A Horseman Called Hammond

Three – A Facebook appeal

Nina Williams’s husband passed away in 1982. On the day of his funeral, Hammond told her daughter, Sian, that Bill Williams had visited him in a dream and asked him to look after Nina. He had agreed to this request, he said, in the dream, and so he duly stayed at Henryd Riding School until Nina’s own death in 2007.

The Zimbabwean economy was on its knees in the 2000s, the dollar was in free-fall and life was unbelievably tough for everyone. Living and working in the Serengeti, Sian and her husband sent small sums of money each month to pay salaries for Nina’s two grooms, Hammond and Jackson, and also for the employees of her friend, Scott. USD $10 doesn’t sound like much, but in the local economy it equated to a month’s pay. Hammond and the rest of the staff declared that this had been the sole reason they had survived when desperation was hot on the heels of all. Nina, struggling to afford to feed herself, attempted to rehome her beautiful Thoroughbred mare, Ebony Dancer, Hammond’s mount at the time. But options were limited and farms were being seized by the government in the most brutal manner. As she couldn’t bear to contemplate leaving Ebony at the mercy of farm invaders, she made the devastating decision to have the horse euthanased. Hammond, Nina and Sian shared the grief as a family.

On the day of Nina’s funeral, Hammond said to Sian, “Madam, do you remember my dream with your father? My job is now done and I want to go home to rest."

Sian was deeply moved by this simple remembered promise – one he had kept for 25 years.
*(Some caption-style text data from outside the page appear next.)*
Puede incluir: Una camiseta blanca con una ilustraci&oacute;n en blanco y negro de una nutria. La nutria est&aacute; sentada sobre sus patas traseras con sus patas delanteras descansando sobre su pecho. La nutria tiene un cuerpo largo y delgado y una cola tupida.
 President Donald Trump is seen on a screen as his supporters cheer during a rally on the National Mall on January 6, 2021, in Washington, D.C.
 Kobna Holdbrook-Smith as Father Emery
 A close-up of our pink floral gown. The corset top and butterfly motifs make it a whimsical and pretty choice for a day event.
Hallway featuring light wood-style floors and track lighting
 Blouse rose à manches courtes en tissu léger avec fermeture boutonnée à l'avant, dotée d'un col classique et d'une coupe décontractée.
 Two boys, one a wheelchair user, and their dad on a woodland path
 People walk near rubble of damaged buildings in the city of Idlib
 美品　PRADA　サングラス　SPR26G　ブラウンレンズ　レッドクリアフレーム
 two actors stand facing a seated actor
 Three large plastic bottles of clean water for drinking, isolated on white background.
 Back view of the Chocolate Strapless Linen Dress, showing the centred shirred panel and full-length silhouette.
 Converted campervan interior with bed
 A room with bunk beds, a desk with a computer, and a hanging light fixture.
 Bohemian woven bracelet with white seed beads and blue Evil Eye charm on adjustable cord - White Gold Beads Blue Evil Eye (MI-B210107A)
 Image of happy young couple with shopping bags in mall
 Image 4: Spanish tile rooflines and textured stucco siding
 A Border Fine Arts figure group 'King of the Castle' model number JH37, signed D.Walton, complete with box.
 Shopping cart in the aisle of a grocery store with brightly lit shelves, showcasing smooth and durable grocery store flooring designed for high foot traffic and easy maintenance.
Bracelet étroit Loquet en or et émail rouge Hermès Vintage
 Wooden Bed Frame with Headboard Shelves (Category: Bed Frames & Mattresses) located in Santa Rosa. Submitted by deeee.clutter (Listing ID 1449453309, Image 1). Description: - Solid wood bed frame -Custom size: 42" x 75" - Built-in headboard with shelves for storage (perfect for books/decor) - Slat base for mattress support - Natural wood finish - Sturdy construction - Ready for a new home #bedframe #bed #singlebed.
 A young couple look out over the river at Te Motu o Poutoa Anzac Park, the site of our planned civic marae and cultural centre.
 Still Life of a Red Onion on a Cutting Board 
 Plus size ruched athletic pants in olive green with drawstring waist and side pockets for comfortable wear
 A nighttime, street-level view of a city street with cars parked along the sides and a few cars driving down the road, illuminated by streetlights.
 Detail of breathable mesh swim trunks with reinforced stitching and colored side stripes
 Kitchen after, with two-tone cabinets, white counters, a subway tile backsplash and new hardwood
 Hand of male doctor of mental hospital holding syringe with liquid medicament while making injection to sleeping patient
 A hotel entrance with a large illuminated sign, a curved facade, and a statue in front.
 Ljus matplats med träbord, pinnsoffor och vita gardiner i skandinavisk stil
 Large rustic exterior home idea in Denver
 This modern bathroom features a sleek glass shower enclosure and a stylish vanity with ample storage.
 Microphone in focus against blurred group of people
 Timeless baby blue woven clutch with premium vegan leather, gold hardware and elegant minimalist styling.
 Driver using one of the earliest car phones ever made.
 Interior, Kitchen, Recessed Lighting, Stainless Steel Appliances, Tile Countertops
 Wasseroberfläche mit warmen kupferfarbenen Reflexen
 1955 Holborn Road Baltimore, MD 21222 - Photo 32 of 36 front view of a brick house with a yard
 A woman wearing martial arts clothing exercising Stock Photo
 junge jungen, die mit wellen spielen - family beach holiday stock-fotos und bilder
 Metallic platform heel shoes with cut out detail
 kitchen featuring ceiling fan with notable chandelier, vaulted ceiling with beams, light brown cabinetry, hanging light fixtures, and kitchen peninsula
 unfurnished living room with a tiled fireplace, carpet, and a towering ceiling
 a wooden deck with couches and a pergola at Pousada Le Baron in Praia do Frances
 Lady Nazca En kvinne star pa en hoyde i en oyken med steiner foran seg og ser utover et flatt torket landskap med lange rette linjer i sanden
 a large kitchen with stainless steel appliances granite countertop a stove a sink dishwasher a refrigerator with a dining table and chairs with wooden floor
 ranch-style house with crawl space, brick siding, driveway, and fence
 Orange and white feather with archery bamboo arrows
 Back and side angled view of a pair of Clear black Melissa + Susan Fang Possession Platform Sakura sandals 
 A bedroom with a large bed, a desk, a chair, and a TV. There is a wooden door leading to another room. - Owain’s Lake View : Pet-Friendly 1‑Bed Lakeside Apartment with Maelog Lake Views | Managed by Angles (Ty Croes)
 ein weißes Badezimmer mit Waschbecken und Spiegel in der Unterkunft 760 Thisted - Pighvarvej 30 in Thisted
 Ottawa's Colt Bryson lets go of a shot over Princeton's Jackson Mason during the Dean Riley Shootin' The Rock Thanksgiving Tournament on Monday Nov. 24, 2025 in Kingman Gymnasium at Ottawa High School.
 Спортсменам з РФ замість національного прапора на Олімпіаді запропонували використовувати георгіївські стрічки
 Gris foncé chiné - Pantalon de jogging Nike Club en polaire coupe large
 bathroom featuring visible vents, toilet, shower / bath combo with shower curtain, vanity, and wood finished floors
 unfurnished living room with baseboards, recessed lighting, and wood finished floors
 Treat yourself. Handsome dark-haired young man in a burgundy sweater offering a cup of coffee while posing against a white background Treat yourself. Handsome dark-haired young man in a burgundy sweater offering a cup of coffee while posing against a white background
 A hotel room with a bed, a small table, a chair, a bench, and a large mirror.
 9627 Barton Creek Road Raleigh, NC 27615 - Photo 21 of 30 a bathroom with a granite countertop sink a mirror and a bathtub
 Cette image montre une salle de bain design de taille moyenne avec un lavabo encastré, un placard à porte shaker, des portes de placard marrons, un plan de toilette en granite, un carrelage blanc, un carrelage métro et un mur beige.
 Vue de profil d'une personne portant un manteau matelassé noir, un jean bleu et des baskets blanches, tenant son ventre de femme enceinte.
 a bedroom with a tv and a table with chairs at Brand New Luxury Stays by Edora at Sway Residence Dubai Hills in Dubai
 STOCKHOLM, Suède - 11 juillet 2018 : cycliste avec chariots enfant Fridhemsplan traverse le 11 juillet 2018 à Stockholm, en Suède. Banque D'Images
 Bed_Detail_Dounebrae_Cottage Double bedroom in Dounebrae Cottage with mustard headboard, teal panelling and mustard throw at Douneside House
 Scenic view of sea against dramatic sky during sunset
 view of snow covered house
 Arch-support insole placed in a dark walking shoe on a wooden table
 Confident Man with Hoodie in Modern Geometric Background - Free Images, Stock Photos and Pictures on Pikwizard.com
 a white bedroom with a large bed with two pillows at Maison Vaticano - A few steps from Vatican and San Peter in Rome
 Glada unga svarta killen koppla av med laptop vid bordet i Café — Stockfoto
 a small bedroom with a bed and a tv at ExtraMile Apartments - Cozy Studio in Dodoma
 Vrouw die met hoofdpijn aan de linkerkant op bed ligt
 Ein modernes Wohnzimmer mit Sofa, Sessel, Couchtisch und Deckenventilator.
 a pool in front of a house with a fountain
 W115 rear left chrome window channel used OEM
She and her remaining family gave him the best retirement package they could afford at the time, together with a few things to help him be self-sufficient in his rural home near Mount Darwin, like a plough and small bits of equipment and financial contributions for livestock and seeds.

He visited them in Harare about once a year, but eventually the economic shambles and a series of severe droughts depleted and destroyed his livestock and crops. For months his dignity prevented him from asking for help but in the end he contacted Sian in desperation for any assistance she could give.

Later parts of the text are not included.